Several studies were found that examined the cardiovascular effect of a downward head-tilt position in patients with a compromised vascular system. The studies all involved small numbers of patients who had hypotension due to a variety of aetiologies and all have some methodological flaws. The one thing that all of the included studies has in common is a failure to demonstrate any benefit of the Trendelenburg position on cardiac output. There is some suggestion that it may even have a detrimental effect apparent on returning the patient to a supine position.

Editor Comment

MAP, mean arterial pressure; SBP, systolic blood pressure.

Clinical Bottom Line

There is no evidence of benefit in using the Trendelenburg position for patients with hypotension and this practice is not recommended.

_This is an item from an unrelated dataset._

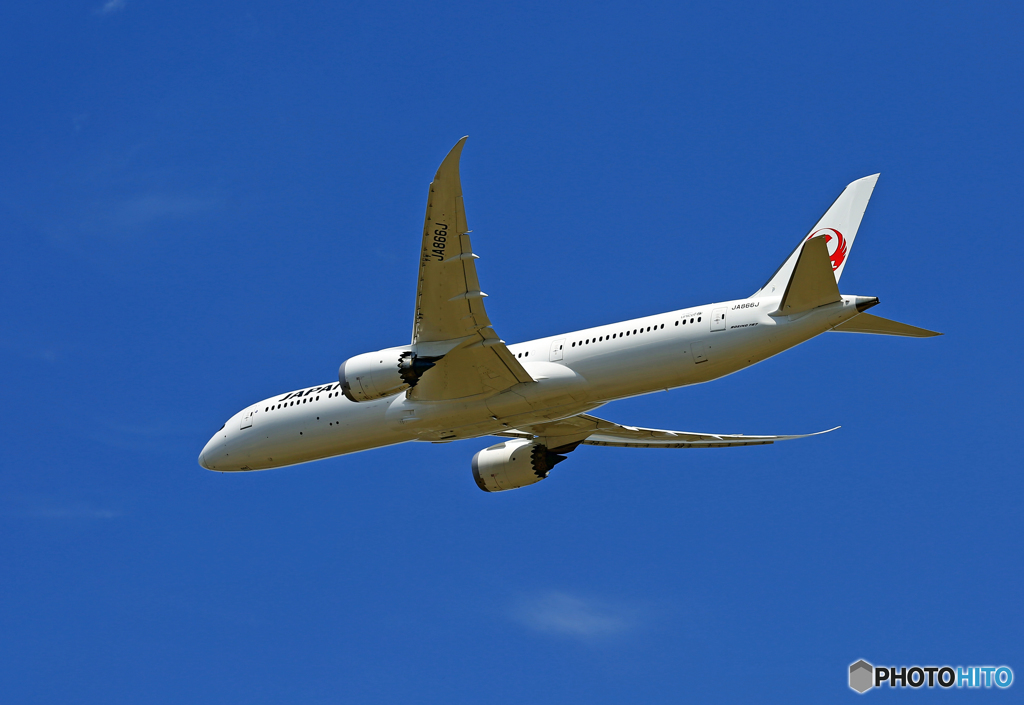 「晴れ」 JAL 787-9 JA866J 出発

  1. Sing RF, O'Hara D, Sawyer MAJ et al. Trendelenburg Position and Oxygen Transport in Hypovolemic Adults. Ann Emerg Med March 1994; 23:564-567.
  2. Miyabe M, Namiki A. The Effect of Head-down Tilt on Arterial Blood Pressure After Spinal Anesthesia Anesth Analg 1993;76:549-552.
  3. Sibbald WJ, Paterson NA, Holliday RL et al. The Trendelenburg Position: Hemodynamic Effects in Hypotensive and Normotensive Patients. Crit Care Med 1979;7:218-224.
  4. Reuter DA, Felbinger TW, Moerstedt, Kilger E et al. Trendelenburg Positioning After Cardiac Surgery: Effects on Intrathoracic Blood Volume Index and Cardiac Performance Eur J Anaesthesiol 2003;20:17-20.
  5. Taylor J. Weil MH. Failure of the trendelenburg position to improve circulation during clinical shock. Surg, Gynecol Obstet 1967;124:1005–10.